New Chinese Media Groups to Learn Fast
BEIJING --- The news that Hangzhou has become the first municipal broadcast system to corporatize its radio and TV assets into a new group structure (see related article) heralds the start of group building at the provincial capital city level.
As lesser cities are not currently allowed to become groups and many provinces have yet to tackle the issue (some suggest they will not form groups at all), groups like the Hangzhou Radio and TV Group (HZRTVG) will be the last line of China's state media defense against foreign competition expected after WTO entry.
As Guizhou TV's President explains in our feature interview, a number of smaller provincial players see their short term survival as coming from re-branding of their channels, outsourcing of program production and the construction of modern broadcast facilities rather than the corporate make-overs underway in more affluent eastern areas.
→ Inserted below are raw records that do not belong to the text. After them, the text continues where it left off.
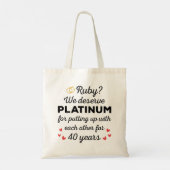 40. Hochzeitstag I - Ruby Funny Couple Tragetasche (Rückseite)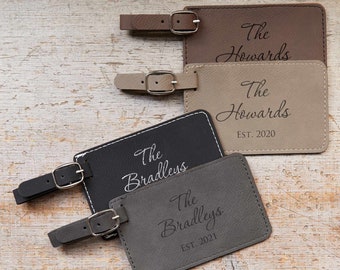 Pair (2) Personalized Wedding Luggage Tags by Lifetime Creations: Bride and Groom Personalized Wedding Gift, Vegan Leather SHIPS FAST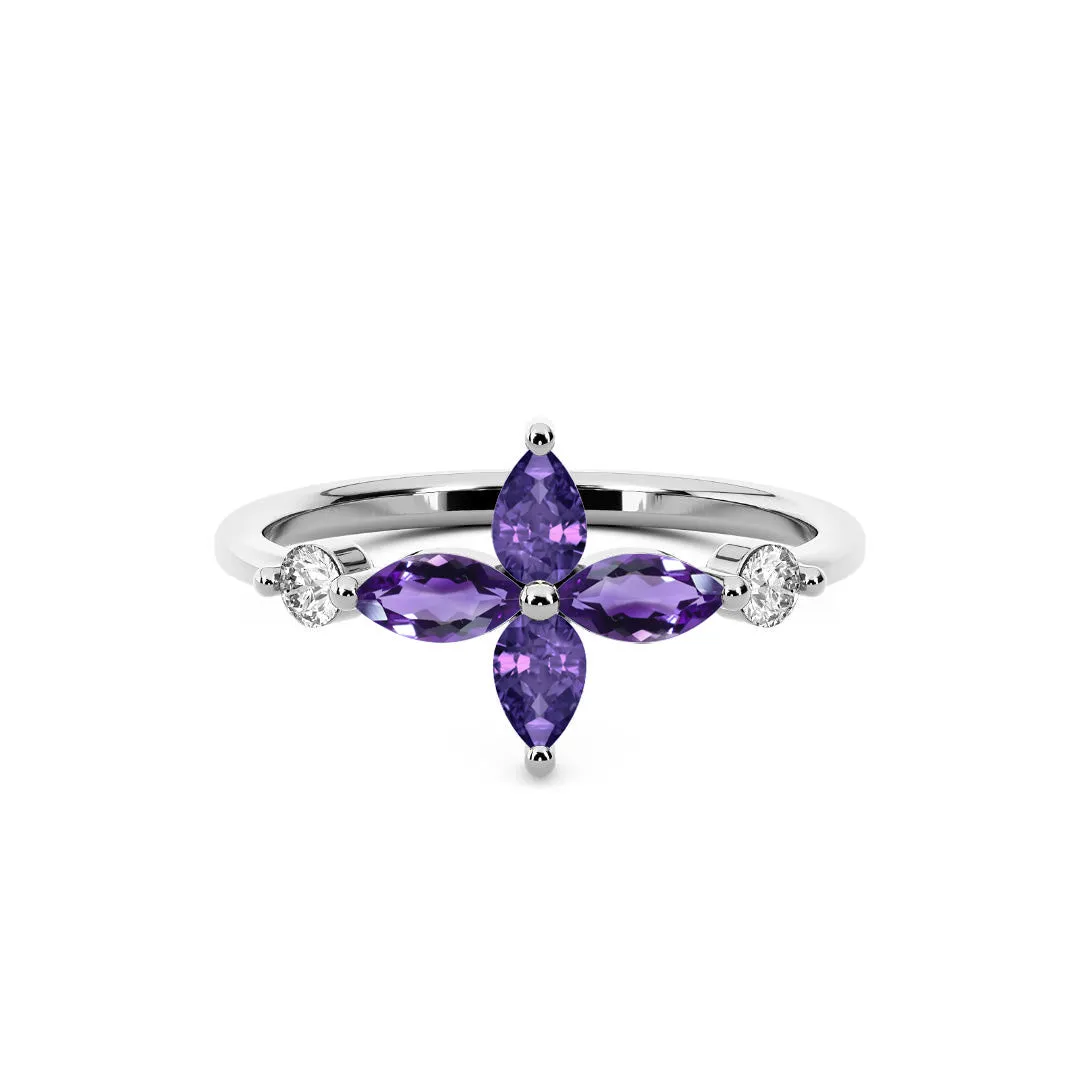 14k White Gold 0.50ct ttw Amethyst & Diamond Flower Ring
Although local broadcast licenses are not under threat, the proliferation of delivery mediums means that local broadcasters already face competition from conventional broadcasters in other parts of China. In the digital future, new interactive operators working out of the trial cities of Shanghai, Beijing and Shenzhen may be expected to enjoy significant content and technology advantages with which to gain shares in other markets.
Since production resources are likely to become the first target for media content investors and remain the key to success in this highly cluttered market of mediocre fare, larger state owned media groups and the major independents are expected to become involved in mergers and acquisitions in the coming months.
The establishment of media groups has also forced Chinese media administrators to deal with the question of corporate brands, hardly an issue in the state owned model, but key in the international world of media of which they are desperate to be a part.
While China Radio, Film and TV Group, Beijing Radio, Film and TV Group and the new HZRTVG may all be considered candidates for re-naming or re-branding, Shanghai has already decided on Shanghai Media and Entertainment Group with its slightly unfortunate English acronym.
With or without new names, the new groups must start acting like groups and become actively involved in the industry inside China and outside. This means co-ordinating activities in the marketplace and fighting for exposure at leading events and in leading business and trade titles. While the serious business challenges remain the same irrelevant of corporate structure, creating and maintaining public and industry image throughout the group will perhaps be the biggest new challenge that faces the would-be titans of the Chinese TV industry.